The ‘Almost Anti’ Laser

To build a workable resistor, the Yale team needs to build in varying degrees of light transfer efficiency, just as an electronics engineer would build resistors with varying degrees of resistance: 50 percent, 25 percent, and so forth, Jude explained.

But to build a better optical resistor, the anti-laser would have to become the “almost anti” laser.

“If they can tune this device so that at least some light can get through, in varying quantities, it could be useful in the passive optical domain,” Jude said.

Right now, however, the Yale scientists are working on just the opposite problem: how to get their anti-laser to absorb 99.999 percent of incoming light, the theoretical limit. The current version absorbs 99.4 percent.

“The CPA we built is just a proof of concept,” Stone told TechNewsWorld. “I’m confident we will start to approach the theoretical limit as we build more sophisticated CPAs.”

Greater sophistication — as Apple has repeatedly proven — means smaller size.
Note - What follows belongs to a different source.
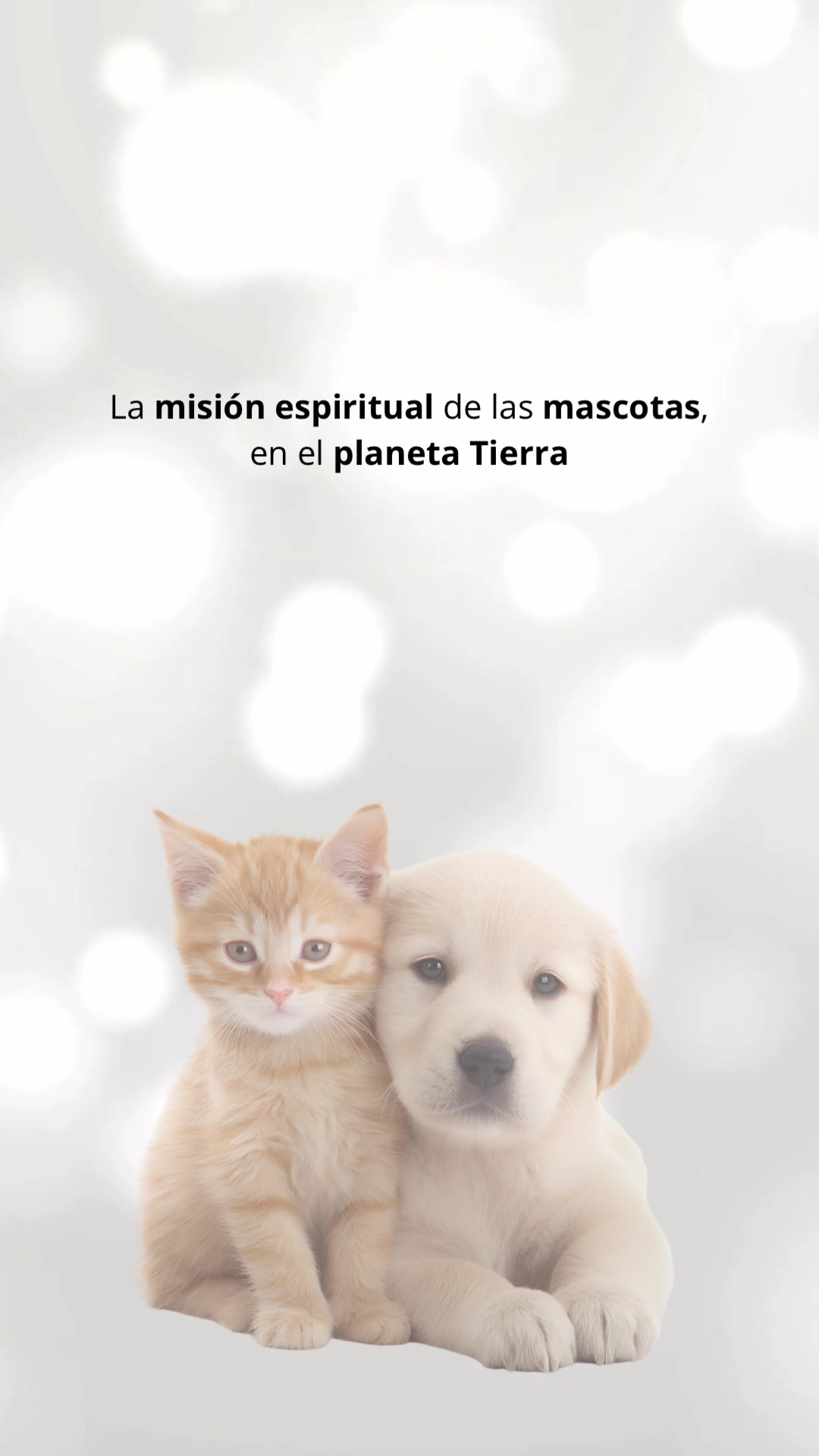 @Evidencias del cielo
Future CPAs will likely shrink, from the current one centimeter width to six microns, much smaller even than a human hair.

Shrinking may prove utterly necessary if the device is deployed in great numbers, Michael Jude explained.

“One of the virtues of optical computing is that it doesn’t leave much residual heat — but as the anti-laser absorbs light, it produces heat,” Jude said. “In technologies that use CPAs in quantity, that could lead to some real heat dissipation limitations.”